Use your eyesight for what is was intended for: watching, learning, following nature.
SMELL
Buffaloes do it. So do lions and impala – and elephants even hold up their trunks to do it. In Africa, you can do the same. Smell the air, bring the scents of Africa into your nose and mouth, across your olfactory nerves and share their world.

By detecting predators, approaching rain or fire, wild animals smell the air to survive. You can’t be expected to sniff out a lurking lion but you can take the time to revel in what you can smell: wild sage, elephant dung, a warm breeze during the day; wood smoke and fine food cooked outdoors at night. Our sense of smell may not have the power of a dog’s but we can smell things as well as most other mammals and certainly better than birds – recent studies suggest we may be able to smell up to a trillion different odours. In Africa, you’ll have plenty to appreciate.
HEARING
I used to work in the Kalahari Desert. Most nights were utterly silent – like a great blanket of quietness lying over everything. Then, suddenly, the warbling contralto of a black-backed jackal would slash the silence like a stiletto, and every hair on my arms would stand up. And then the booming roar of a male lion begins, coming closer as he makes his way past camp, his calling so loud and penetrating that you think you can see the wing mirror on the car vibrating.

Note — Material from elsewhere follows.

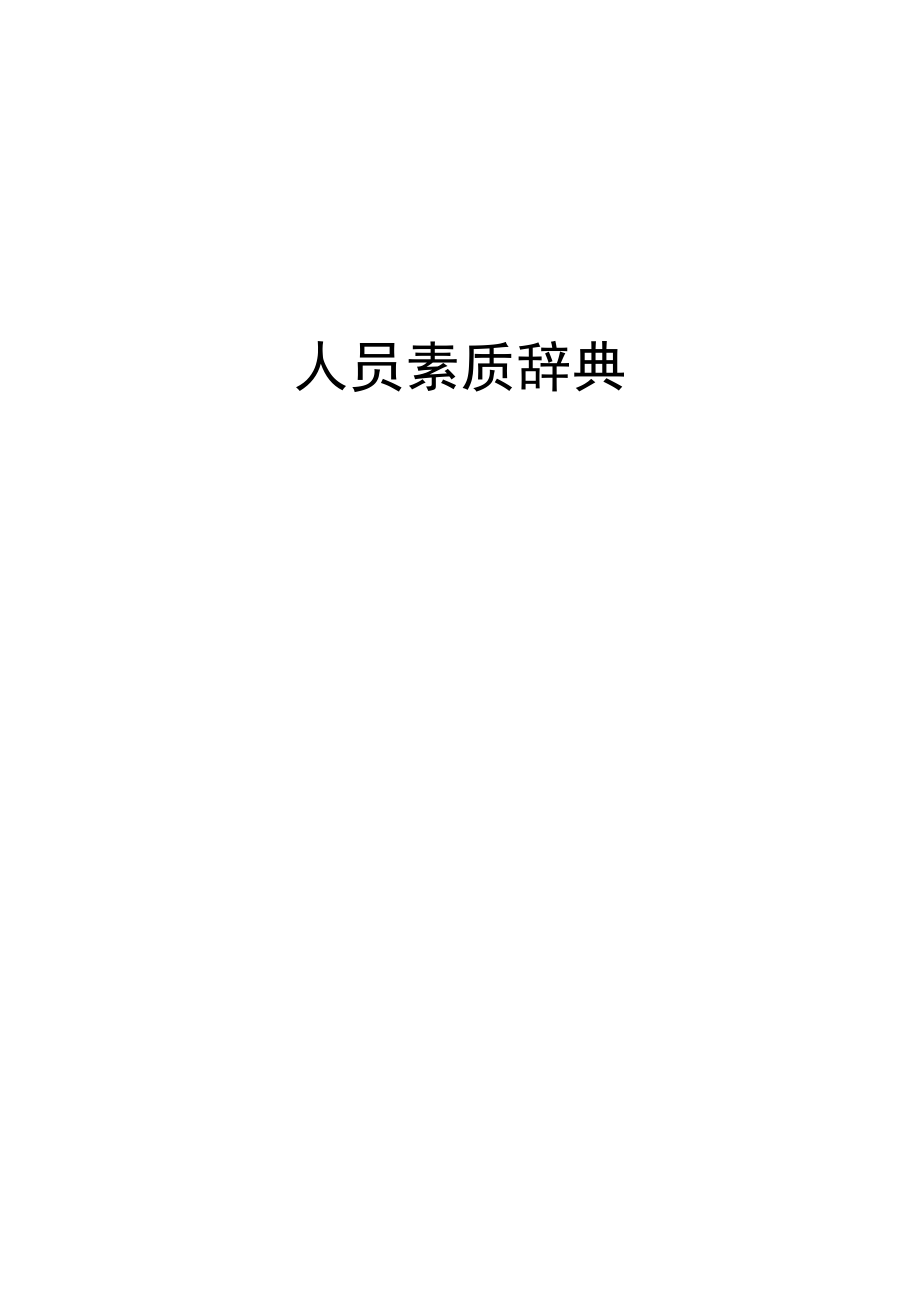 能力素质模型人员素质辞典通用类.docx_第1页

No wonder we had to develop our sense of hearing but today, it’s only when you strip out the constant fuzz of everyday noise that individual sounds can be heard. On safari, there is no constant fuzz of modern life: the background noise may be birdsong or silence; it may be the bellowing of a hundred thousand wildebeest on the move, it may be the urgent bark of an impala that has just spotted a big cat. Treat your ears to the sounds that your ancestors listened to; you’ll also hear them echoed in the songs at dinner time, performed by local troupes.
TASTE
On safari, you can expect great food and wine – that we know – but this is also an opportunity to take your taste buds on a sensory adventure.

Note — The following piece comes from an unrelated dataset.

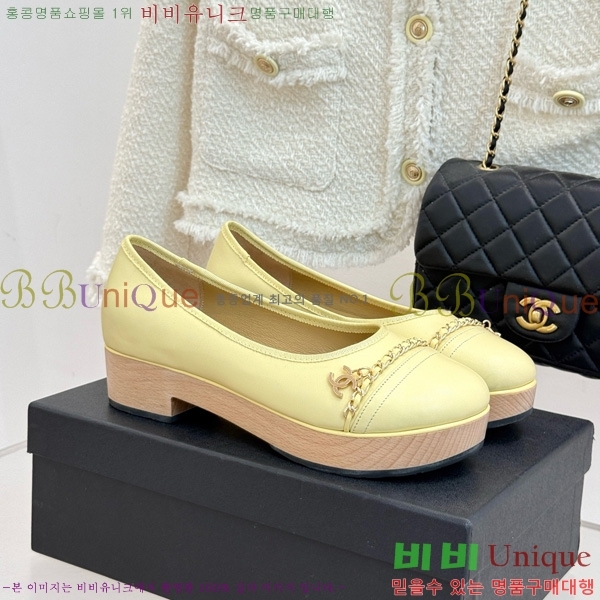 ���� ��* ���� RP058871-1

Meat-eater? Why not start dinner with springbok carpaccio and have an ostrich steak (spoiler alert: it doesn’t taste anything like chicken). Branch out a little: try a Mopane worm in Botswana (it’s a dried caterpillar but tastes better than it sounds). What about a cup of Rooibos tea with fresh buchu herbs in Cape Town? Ever eaten a gem squash? I like them with garlic and butter. And you have to try some of the Cape Malay cuisine – it tastes as good as it sounds: milk tart, bobotie and sosaties.
Vegetarian? Vegan? Africa’s safari lodges can cater for you all and if you know your kids are not going to go for the dried caterpillar, then family-friendly lodges have children’s menus too. And if you really want to treat your sense of taste, then book a couple of nights in the Cape Winelands: the friendly town of Franschhoek is home to some of the best food and wine in South Africa.
TOUCH
Take a moment when you are in Africa to bend down and pick up a handful of soil, or sand. Let it run through your fingers, roll the grains between your fingertips. You are touching the earth that our elders once walked on, that they laughed and cried and died on. Great herds of antelope once walked on this soil, taking three or four days to pass their incredulous observers.

Let your hands run over the bark of a fruiting tree in the Kruger Park – a marula, a wild plum – and feel the texture that you would feel if you were to climb into its branches to harvest its bounty. Crush the leaf of a Wild Pelargonium on Table Mountain – its scent once adorned your body – and rub your hands in Confetti Bush – the pungent, oily discharge acts as a cleaner and sanitizer.
How many more smells and textures await? What more sights and sounds to marvel at? What exotic tastes are sizzling on the open fire?